Vom Daumenkino, über Sandmalerei, Legetechnik, Trickfilm und anderen klassischen Filmformaten bis hin zu Projektion-Mapping, Animationsfilm oder parametrischen Virtual Reality-Produktionen.
Gliederung des Semesters:
- Im ersten Teil des Kurses besichtigen die Teilnehmer:innen ausgewählte Bauwerke und analysieren architektonische Gesichtspunkte. Sie untersuchen die Geschichte, die Struktur und den Kontext der Bauwerke und entwickeln daraus ein Thema, das im Film umgesetzt werden soll.
- Im zweiten Teil des Kurses setzen die Studierenden ihre Ideen in einen Kurzfilm um. Die Wahl der (technischen) Mittel bleibt den Teilnehmer:innen vollkommen frei. Die Teilnehmer:innen führen die gesamte Produktion des Films eigenständig durch und werden durch die Lehrbeauftragten nach Bedarf künstlerisch, inhaltlich und technisch beraten.
- Während des Semesters führen die Teilnehmer:innen ein Prozesstagebuch, in dem sie ihre Fortschritte dokumentieren und reflektieren. Dabei sollen sie ihre Arbeitsprozesse, Herausforderungen und Lösungsansätze festhalten.
- Die Studierenden haben ein Semester Zeit, um alle Schritte der Produktion eigenständig durchzuführen und den Kurzfilm zu erstellen.
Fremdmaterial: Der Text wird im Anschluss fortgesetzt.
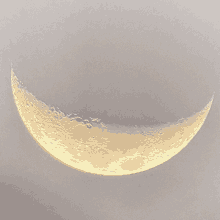 a crescent moon with a gray sky behind it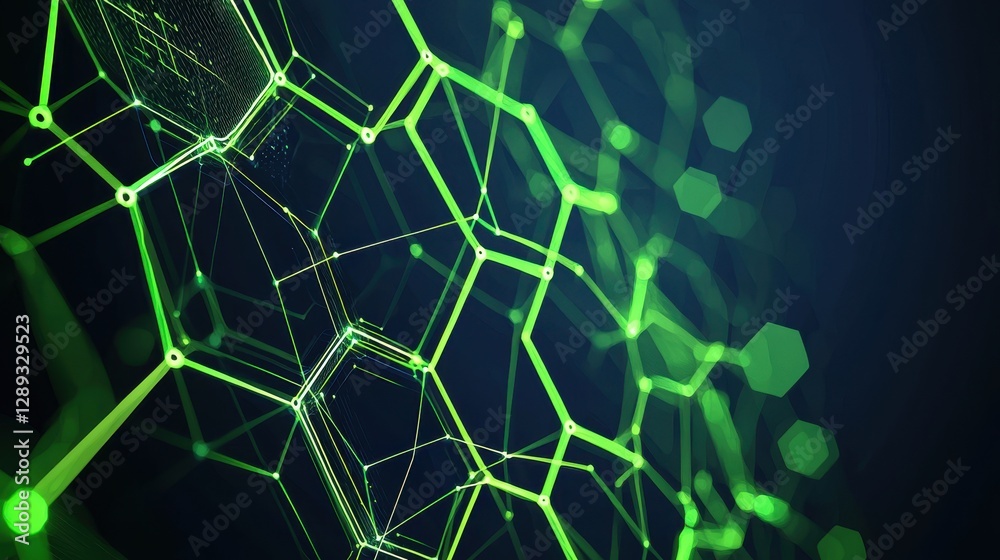 Abstract blue and green background with interconnected hexagons and bokeh lights, symbolizing modern technology and innovation. Abstract blue and green background with interconnected hexagons and bokeh lights, symbolizing modern technology and innovation.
Durch diese praktische Erfahrung erweitern sie ihre Fähigkeiten im Bereich der Filmproduktion und Architekturanalyse und stärken ihre künstlerischen Fähigkeiten.
Ablauf der architekturbezogen künstlerischen Kurzfilmproduktion:
- Ideen finden: Die Studierenden entwickeln Ideen für einen Film basierend auf der Analyse der von Ihnen ausgewählten Bauwerke.
- Konzepte entwickeln: Die Ideen werden zu einem Konzept ausgearbeitet, das die Struktur des Films, die Auswahl der Szenen und die technischen Mittel umfasst.
- Storyboard(s) anlegen: Das Konzept wird in ein Storyboard umgewandelt, das als Grundlage für die Produktion des Films dient.
- Material sammeln: Modellieren in 3D, Fotografieren, 360° Videos, (3D-)Scannen, Literatur, Zeichnen und Skizzieren, Modellieren in Ton, ...
- Videoschnipsel montieren (Schnitt): Nach einem anfangs erstellten Rohschnitt, nähern sich die Studierenden schrittweise dem finalen Film.
- Produktion überarbeiten: Das Rohmaterial wird in die endgültige Fassung zum fertigen Film geschnitten. Dazu werden auch Ton, Musik und Effekte ergänzt.
- Fertigstellung: Der fertige Film wird präsentiert und diskutiert.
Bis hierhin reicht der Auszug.